From an analyst’s viewpoint, Dan Kusnetzky, IDC’s vice president of System Software, said, “As the flag-bearer of the UNIX-on-Intel environment, it’s encouraging to see the SCO Group continuing its development of SCO OpenServer.”

“Based on the performance and security improvements, as well as integration with many popular open-source technologies now found in SCO OpenServer 6, the SCO Group has given its customers quite a number of reasons to upgrade and continue investing in the SCO OpenServer platform,” Kusnetzky said.

Other analysts agreed that this was a step forward for SCO.

“SCO’s release of OpenServer 6 is significant because it demonstrates that SCO does indeed have a product strategy, and this may help maintain, if not grow, SCO’s customer installed base,” said Stacey Quandt, principal analyst at Quandt Analytics.

Today, more than 60 percent of SCO’s revenue is attributed to sales and support of OpenServer, Quandt said.

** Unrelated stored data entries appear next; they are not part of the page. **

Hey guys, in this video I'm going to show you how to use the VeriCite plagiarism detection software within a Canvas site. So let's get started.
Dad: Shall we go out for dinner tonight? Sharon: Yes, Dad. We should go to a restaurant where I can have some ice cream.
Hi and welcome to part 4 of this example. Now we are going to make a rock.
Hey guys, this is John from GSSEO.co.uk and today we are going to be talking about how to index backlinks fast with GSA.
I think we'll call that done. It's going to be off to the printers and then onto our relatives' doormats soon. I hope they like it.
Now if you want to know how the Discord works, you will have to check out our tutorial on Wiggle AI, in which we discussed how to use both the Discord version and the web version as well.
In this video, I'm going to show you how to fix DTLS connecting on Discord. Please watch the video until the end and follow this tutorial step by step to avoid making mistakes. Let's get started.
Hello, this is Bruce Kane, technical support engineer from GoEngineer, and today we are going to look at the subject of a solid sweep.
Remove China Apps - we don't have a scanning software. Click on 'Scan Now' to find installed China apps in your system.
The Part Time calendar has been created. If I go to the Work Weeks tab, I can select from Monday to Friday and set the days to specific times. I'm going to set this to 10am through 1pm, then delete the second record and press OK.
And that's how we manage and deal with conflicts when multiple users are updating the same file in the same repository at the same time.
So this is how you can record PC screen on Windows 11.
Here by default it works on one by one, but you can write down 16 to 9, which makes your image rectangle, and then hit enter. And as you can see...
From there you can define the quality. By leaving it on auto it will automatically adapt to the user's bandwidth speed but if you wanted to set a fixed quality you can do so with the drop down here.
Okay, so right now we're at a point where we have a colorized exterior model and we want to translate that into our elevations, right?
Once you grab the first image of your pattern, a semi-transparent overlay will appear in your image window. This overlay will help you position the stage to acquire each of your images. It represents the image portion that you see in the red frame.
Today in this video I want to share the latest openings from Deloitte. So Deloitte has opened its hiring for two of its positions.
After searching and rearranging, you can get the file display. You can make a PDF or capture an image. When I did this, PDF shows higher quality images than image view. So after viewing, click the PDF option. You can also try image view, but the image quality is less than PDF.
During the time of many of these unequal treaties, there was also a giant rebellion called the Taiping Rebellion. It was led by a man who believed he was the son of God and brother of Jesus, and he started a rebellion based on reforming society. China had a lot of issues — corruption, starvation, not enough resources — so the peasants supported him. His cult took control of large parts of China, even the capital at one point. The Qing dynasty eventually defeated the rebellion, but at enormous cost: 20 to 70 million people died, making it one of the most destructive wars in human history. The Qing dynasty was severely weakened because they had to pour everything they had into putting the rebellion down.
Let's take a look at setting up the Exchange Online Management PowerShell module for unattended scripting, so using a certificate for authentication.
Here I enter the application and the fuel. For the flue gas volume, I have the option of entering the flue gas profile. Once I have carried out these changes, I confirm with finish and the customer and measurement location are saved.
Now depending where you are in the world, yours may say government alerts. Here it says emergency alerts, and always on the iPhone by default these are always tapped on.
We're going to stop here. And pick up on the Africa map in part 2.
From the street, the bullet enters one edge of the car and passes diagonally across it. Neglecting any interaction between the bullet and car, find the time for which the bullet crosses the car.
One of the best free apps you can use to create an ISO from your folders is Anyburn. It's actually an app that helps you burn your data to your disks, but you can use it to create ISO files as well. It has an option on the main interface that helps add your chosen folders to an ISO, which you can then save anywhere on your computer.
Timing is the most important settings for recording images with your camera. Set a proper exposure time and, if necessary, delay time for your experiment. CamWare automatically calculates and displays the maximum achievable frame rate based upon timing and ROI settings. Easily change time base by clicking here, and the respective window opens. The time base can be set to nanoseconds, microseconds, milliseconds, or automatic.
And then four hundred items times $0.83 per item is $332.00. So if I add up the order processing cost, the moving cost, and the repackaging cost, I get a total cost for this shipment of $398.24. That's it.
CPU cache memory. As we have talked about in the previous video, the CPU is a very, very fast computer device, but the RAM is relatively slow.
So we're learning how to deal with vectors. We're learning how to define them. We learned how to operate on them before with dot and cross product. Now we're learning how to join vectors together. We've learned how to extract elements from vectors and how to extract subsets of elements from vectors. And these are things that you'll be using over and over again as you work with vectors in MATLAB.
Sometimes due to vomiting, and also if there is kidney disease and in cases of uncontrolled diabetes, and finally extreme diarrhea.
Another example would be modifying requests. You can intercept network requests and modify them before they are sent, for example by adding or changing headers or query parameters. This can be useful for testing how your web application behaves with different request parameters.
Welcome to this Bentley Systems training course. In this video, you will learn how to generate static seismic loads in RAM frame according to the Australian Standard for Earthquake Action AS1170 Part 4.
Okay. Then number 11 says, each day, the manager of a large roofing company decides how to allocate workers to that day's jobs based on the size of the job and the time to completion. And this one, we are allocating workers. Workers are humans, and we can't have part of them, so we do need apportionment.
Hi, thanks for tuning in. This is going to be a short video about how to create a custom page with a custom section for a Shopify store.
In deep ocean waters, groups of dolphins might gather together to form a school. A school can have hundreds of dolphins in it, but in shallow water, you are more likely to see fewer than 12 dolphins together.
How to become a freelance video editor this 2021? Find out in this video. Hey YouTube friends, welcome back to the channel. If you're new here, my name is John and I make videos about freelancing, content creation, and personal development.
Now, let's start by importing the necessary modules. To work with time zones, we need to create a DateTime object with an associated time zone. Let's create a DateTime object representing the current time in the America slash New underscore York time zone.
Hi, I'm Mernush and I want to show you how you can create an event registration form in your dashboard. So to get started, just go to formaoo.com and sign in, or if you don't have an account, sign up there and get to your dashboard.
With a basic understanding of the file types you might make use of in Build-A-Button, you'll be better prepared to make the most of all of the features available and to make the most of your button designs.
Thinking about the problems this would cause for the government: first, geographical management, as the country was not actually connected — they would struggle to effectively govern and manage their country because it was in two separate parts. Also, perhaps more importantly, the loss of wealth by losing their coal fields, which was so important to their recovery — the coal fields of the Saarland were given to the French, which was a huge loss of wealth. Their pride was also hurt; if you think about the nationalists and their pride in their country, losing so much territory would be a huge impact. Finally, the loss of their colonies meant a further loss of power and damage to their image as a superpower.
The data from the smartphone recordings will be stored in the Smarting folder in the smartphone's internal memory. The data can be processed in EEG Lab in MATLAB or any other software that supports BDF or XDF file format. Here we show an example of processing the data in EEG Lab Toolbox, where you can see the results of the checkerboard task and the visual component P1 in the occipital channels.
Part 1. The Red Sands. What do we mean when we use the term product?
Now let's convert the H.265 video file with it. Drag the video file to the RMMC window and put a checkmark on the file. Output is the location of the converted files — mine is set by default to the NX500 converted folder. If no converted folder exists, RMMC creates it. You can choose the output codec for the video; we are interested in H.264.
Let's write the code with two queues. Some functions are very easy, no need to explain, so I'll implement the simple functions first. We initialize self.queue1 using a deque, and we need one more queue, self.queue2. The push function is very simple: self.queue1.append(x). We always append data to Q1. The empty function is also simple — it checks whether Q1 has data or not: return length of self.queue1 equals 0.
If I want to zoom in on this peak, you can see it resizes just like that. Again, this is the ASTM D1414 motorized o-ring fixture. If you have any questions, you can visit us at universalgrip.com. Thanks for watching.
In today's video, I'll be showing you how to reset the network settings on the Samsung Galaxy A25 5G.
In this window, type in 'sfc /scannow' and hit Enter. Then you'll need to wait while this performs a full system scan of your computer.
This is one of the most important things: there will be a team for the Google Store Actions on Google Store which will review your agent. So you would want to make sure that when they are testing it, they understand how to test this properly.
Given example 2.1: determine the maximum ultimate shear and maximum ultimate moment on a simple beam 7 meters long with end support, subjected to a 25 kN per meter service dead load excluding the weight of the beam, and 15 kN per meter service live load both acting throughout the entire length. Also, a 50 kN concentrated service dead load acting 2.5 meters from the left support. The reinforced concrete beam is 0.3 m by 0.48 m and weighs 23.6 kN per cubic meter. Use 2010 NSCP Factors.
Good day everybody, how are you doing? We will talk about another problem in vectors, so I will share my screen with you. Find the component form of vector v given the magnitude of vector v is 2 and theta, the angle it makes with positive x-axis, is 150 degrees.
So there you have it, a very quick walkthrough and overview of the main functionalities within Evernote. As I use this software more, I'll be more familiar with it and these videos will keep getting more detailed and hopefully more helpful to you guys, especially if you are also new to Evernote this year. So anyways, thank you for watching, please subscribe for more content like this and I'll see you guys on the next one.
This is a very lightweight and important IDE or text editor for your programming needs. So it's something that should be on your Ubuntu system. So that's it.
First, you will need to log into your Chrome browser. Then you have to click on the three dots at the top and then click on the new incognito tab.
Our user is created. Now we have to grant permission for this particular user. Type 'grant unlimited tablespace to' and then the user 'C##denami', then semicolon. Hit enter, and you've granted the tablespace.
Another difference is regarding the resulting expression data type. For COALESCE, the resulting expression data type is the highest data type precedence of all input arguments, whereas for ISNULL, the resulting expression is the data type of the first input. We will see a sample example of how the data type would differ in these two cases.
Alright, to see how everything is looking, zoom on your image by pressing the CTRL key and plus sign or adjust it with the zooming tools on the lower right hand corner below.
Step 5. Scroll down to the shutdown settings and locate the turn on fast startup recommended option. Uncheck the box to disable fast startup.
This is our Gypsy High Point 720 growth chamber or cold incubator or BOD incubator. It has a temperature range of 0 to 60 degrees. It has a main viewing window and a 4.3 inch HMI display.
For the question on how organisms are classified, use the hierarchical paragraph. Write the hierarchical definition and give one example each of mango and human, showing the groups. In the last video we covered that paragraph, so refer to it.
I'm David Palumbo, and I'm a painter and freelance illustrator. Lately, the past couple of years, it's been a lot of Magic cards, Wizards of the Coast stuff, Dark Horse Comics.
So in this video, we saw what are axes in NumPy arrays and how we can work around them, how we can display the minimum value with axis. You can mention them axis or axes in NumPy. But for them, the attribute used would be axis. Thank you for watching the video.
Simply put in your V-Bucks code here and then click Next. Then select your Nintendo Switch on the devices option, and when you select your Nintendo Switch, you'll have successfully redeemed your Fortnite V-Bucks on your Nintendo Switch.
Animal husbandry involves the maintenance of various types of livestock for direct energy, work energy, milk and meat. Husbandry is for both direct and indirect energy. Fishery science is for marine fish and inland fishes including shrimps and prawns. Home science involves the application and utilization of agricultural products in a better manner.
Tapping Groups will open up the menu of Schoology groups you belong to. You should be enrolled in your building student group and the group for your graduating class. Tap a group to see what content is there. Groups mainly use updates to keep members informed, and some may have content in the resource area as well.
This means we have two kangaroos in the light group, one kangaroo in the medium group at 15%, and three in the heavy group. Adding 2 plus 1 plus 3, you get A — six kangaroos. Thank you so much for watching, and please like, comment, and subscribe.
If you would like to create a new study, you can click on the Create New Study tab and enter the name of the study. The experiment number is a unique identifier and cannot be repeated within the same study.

The reason for this, even though the publicity spotlight on SCO has been mostly on its legal dealings, is that the company still has a strong customer base. “SCO has more than 40 percent market share among U.S pharmacy retailers. For example, Walgreens, Rite Aid, and CVS pharmacy all use SCO software. Also, more than 12,000 McDonald’s restaurants run OpenServer,” Quandt said.

These customers, and SCO’s loyal reseller channel, Quandt said, make this choice because “they want a Unix system they can run on Intel systems that can meet the needs of the small-to-medium business market. The release of OpenServer 6 may be enough for SCO’s customers to stay the course with OpenServer and prevent migration to alternatives such as Linux, Windows, MAC OS X or Solaris x86.”

Others aren’t so sure that SCO still has a future. Gordon Haff, senior analyst for Illuminata Inc., said he doesn’t see the release of OpenServer 6 as having a chance of saving SCO’s position.

“In a word, no. Looked at in isolation, there’s a lot to like about the new OpenServer. It adds a lot of new capabilities and it finally largely merges the OpenServer and UnixWare trees. But OpenServer is in wild decline—the victim of Windows, Linux and years of SCO mismanagement,” Haff said.

And if that isn’t bad enough, Haff continued, “Today’s SCO is a pariah of the IT industry that’s far more focused on litigation than innovation. OpenServer is a niche product; SCO needs a miracle.”